## What you need to do:
Write the entries below out again exactly; any picture in them stays out.

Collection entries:
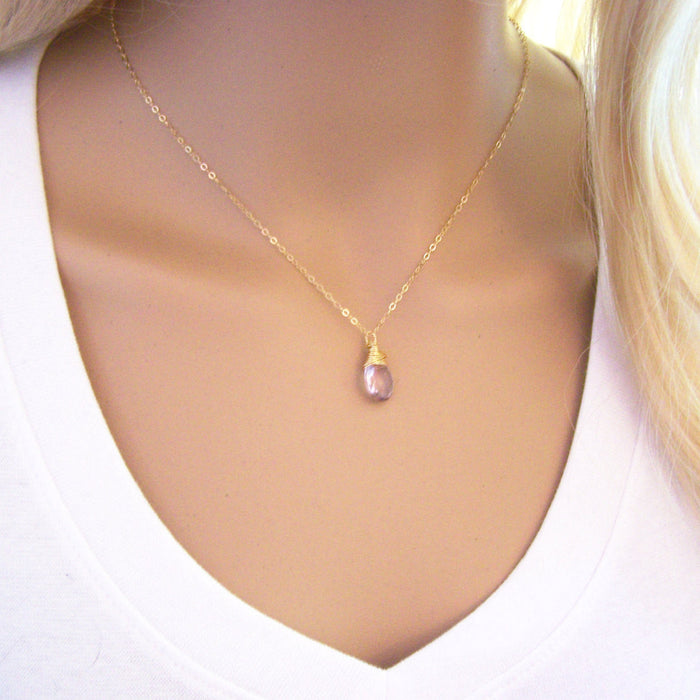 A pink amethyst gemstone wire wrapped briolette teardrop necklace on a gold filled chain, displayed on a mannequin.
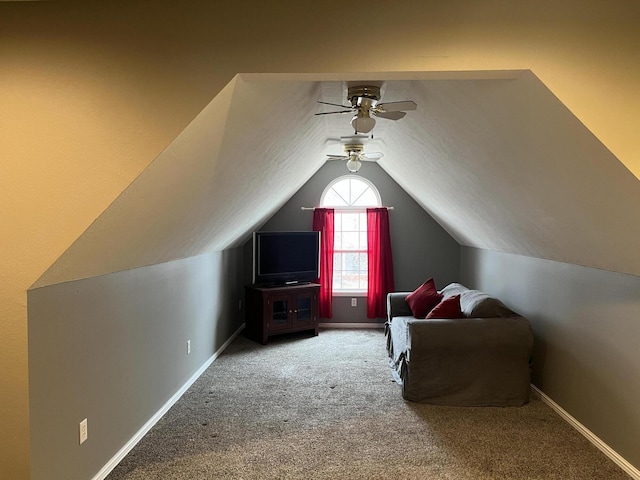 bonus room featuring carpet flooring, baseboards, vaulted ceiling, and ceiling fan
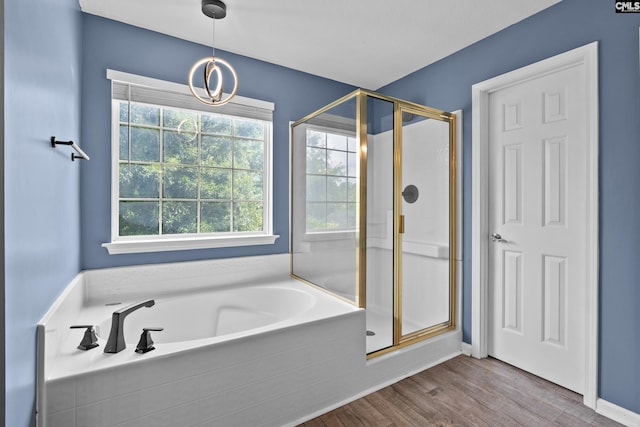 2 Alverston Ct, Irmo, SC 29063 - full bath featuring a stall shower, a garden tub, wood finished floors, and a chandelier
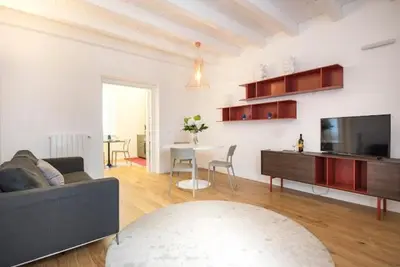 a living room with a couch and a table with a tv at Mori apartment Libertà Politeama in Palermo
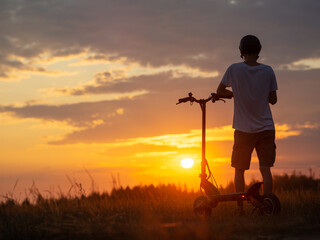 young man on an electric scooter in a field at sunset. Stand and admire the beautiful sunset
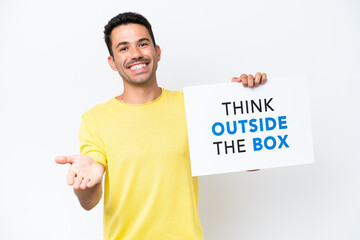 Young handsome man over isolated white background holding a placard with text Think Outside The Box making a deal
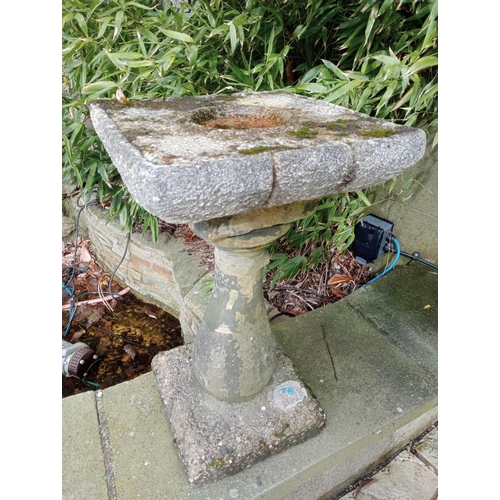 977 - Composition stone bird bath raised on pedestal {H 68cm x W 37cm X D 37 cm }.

## Result of the exercise:
 A pink amethyst gemstone wire wrapped briolette teardrop necklace on a gold filled chain, displayed on a mannequin.
 bonus room featuring carpet flooring, baseboards, vaulted ceiling, and ceiling fan
 2 Alverston Ct, Irmo, SC 29063 - full bath featuring a stall shower, a garden tub, wood finished floors, and a chandelier
 a living room with a couch and a table with a tv at Mori apartment Libertà Politeama in Palermo
 young man on an electric scooter in a field at sunset. Stand and admire the beautiful sunset
 Young handsome man over isolated white background holding a placard with text Think Outside The Box making a deal
 977 - Composition stone bird bath raised on pedestal {H 68cm x W 37cm X D 37 cm }.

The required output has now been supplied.